Julia Rodbell was teaching at a high school in Dallas when a violent mob stormed the U.S. Capitol on Jan. 6, 2021. Rodbell was shaken by the antisemitic symbols she saw among white nationalists in the crowd, disturbed by the quiet apathy to the event in her city, and, for the first time in her life, felt afraid to be a Jew in the United States.

In the following weeks, she enrolled in a master’s program at Tel Aviv University; when it was over, she made her immigration to Israel official.

“I looked around the world at all the places it was unsafe to be a Jew, and, suddenly, America was one of them,” said Rodbell, 26, a day after receiving her Israeli government-issued immigrant documents. “In Israel, I feel comfortable.
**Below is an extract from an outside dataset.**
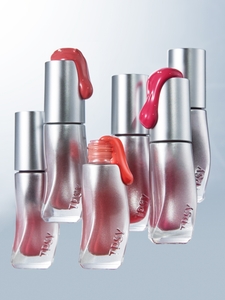 jEFD5UHFfEPDypAgFIFr.jpg?w=940&h=940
I feel at home.”

Rodbell is one of nearly 4,000 Jews who emigrated from the United States to Israel in the past year. But she has arrived just as the most religiously fundamentalist government in the country’s history comes to power, with plans to ban the immigration of Jews like her. Rodbell’s mother is not Jewish, so she does not fit the strictest, Orthodox criteria for being a Jew.

The contentious initiative could strip at least 3 million Jews around the world of their right to Israeli citizenship, according to Israeli media. It is championed by Religious Zionism, a bloc of once-fringe, far-right politicians that is slated to be the second largest in the incoming government, after Prime Minister-elect Benjamin Netanyahu’s right-wing Likud party.
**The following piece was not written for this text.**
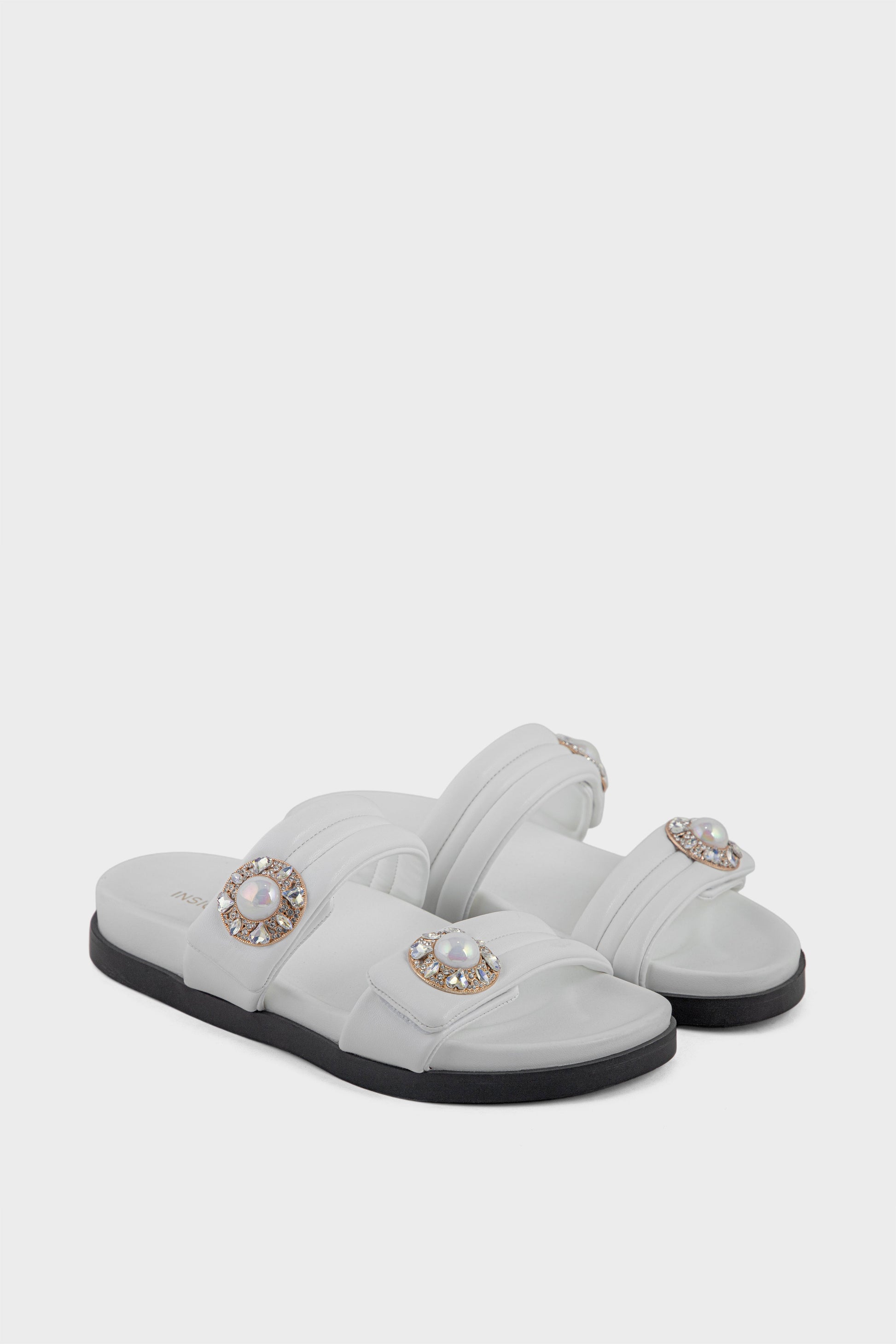 Comfort Slip On IK0106-White | Premium Women Shoes UAE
Bezalel Smotrich, Religious Zionism’s leader, promised earlier this month to change Israel’s immigration policy, which was passed unanimously in 1950 to deliver on the promise of a Jewish homeland in the aftermath of the Holocaust.
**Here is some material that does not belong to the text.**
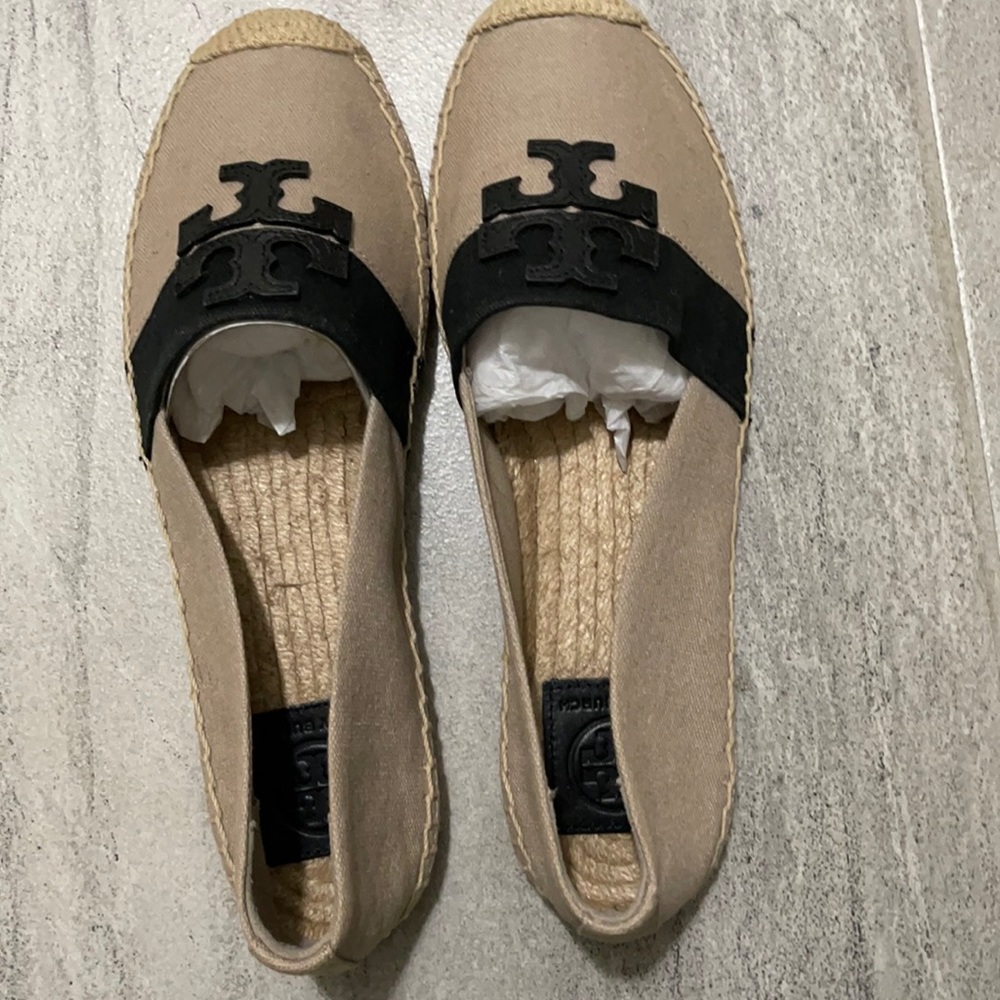 Brand new Tory Burch espadrille flats. Size 8.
“It is a social and Jewish time bomb that must be dealt with,” Smotrich said of the policy in an interview with the ultra-Orthodox radio station Kol Barama this month.

Israel’s Law of Return guarantees citizenship to any Jew, from any country in the world, who is able to prove a connection to at least one Jewish grandparent. It enabled the immigration of some 900,000 Jews from other parts of the Arab world, more than a million Jews escaping the collapse of the Soviet Union and tens of thousands more fleeing religious persecution in Ethiopia.